Once you download the app, follow the instructions to set up an account and begin investing. The most common way to invest money in these apps is through stocks. There are many to choose from, so the next step is to start researching companies you want to buy stock in.
Invest directly through your brokerage account.
A number of banks also have brokerage accounts. Charles Schwab, for example, offers a brokerage account that’s free to open with a savings account.
From there, you can transfer money directly from your savings account into your brokerage account and start buying stocks immediately.
Spread Your Money Out
Both Yong and Wang suggest that you diversify your investments. In other words, make sure your money is spread out across different types of investments to reduce your risk.
Depending on your investment platform, this type of reduced risk investment diversification may happen automatically. For example, with a robo-advisor, or an app, investment diversification may be an automatic setting. If you so choose, you can read up on the default settings and adjust them.
For many investors, products like mutual funds or exchange-traded funds (ETFs) help to spread the risk. These investment products offer a bunch of stocks and bonds across industries and sectors instead of purchasing individual ones.
Should You Hire a Financial Advisor?
In many cases, it’s perfectly fine to start investing on your own. You may have an employer-sponsored program or use a product designed for newbies. However, if you feel like you want the help of a professional, start with a little research.
Yong cautions that not all advisors are created equal. Some financial planners will suggest investment products that result in them getting a higher commission, not necessarily what’s best for you. She suggests asking people you trust for suggestions and then interviewing several of them before deciding on whom to hire.

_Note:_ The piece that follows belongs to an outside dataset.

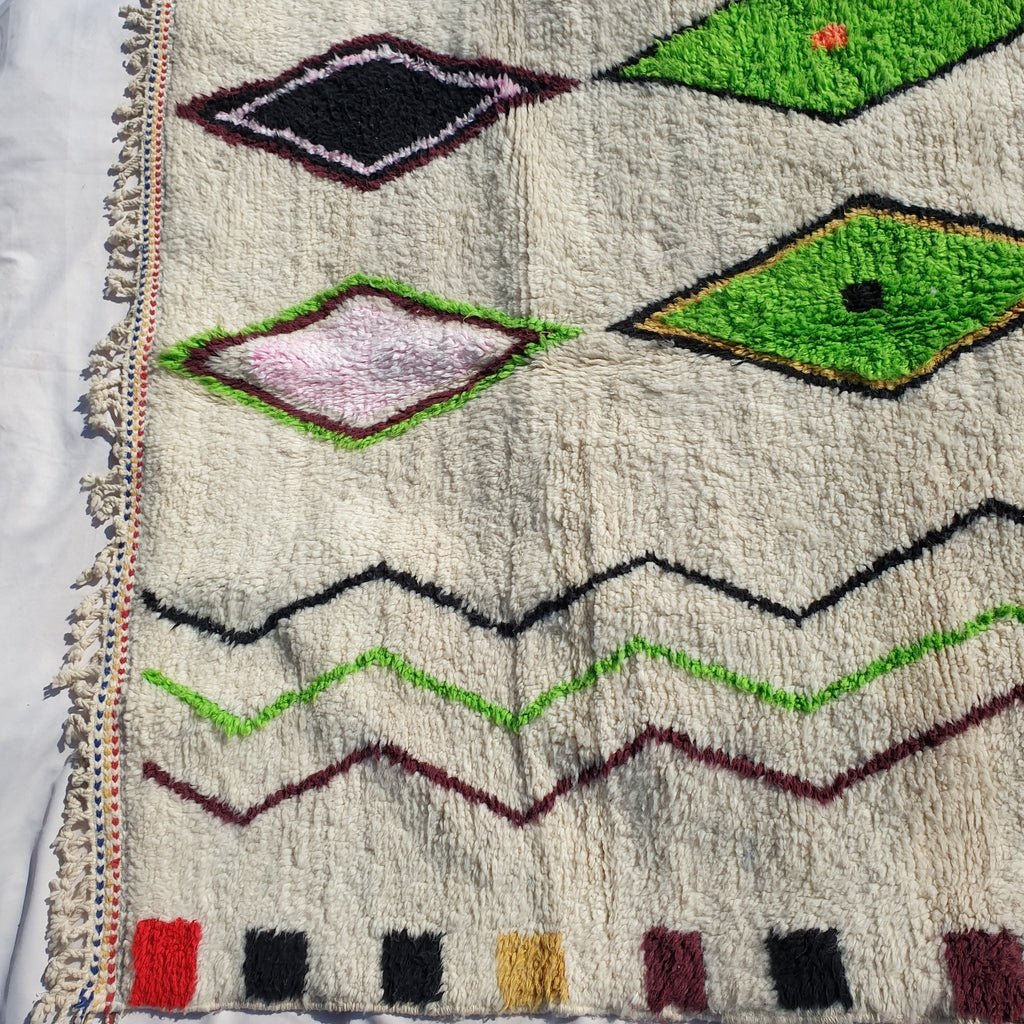 BENI OUARAIN RUG White Living Room Carpet | Moroccan High Pile Area Rug Berber Authentic Wool | 9'8x6'7 Ft | 3x2 m | Tissa - OunizZ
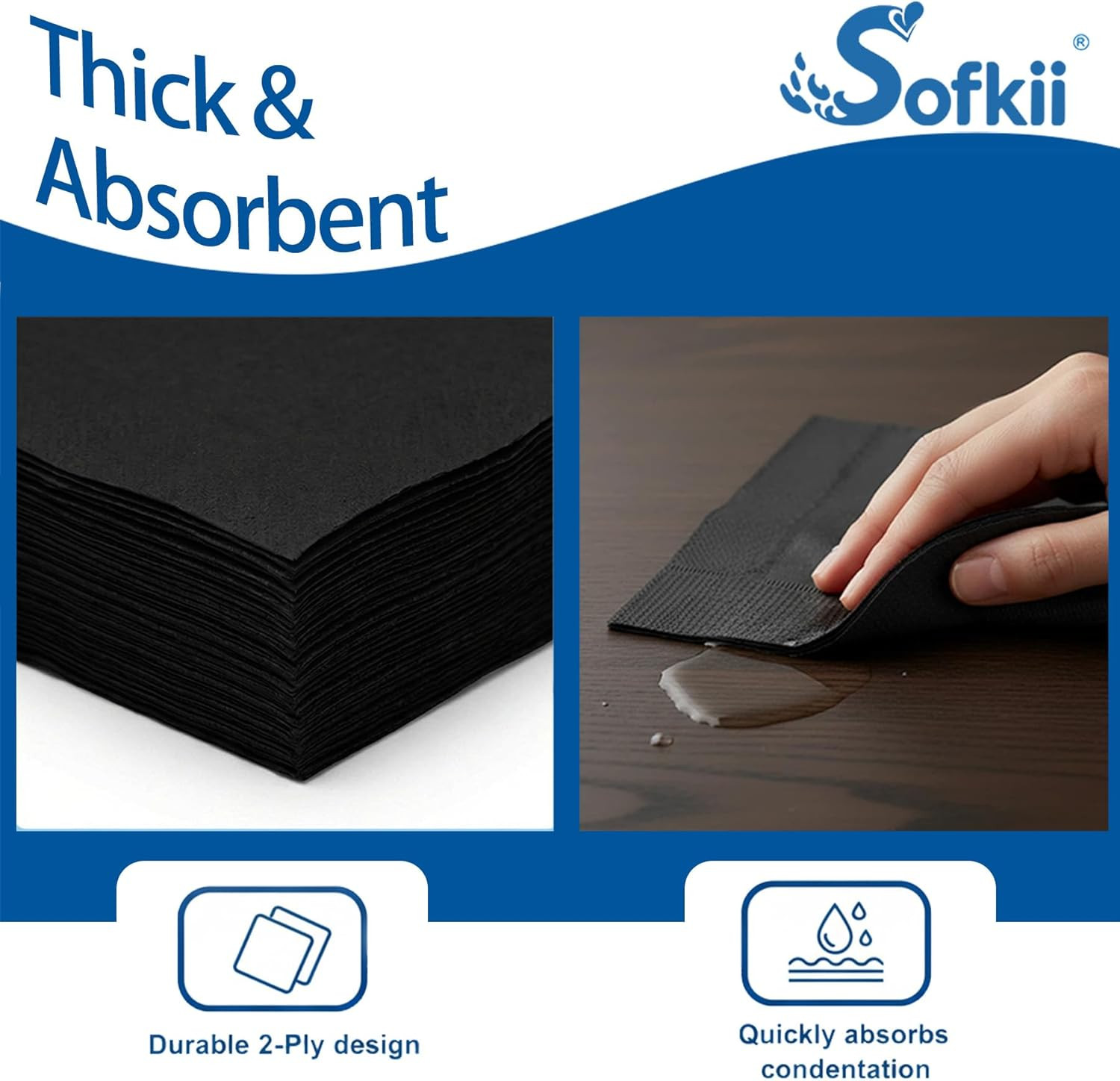 400 Count Black Cocktail Napkins, 4.75×4.75 Inch 2-Ply Disposable Paper Napkins,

Ask about their background, investment philosophy, and experience. Perhaps most importantly, ask how they get paid, whether it’s a percentage from your investment portfolio or a flat-fee upfront.
“A good advisor should explain the risks involved with investing and not try to over-promise their performance results,” Yong says. “They will also ask you to bring proper documentation such as your investment statements, net worth, expenses, and tax return in order to offer you the best advice.”
Looking for a middle-of-the-road option? Robo-advisors are programmed to develop smart investment portfolios for you, depending on your goals and risk tolerance. They can help you learn and become familiar with the investment world.
Whatever investment route you choose, make sure you’re not investing in anything you don’t understand. If you don’t know something, ask. We were all beginners at one point.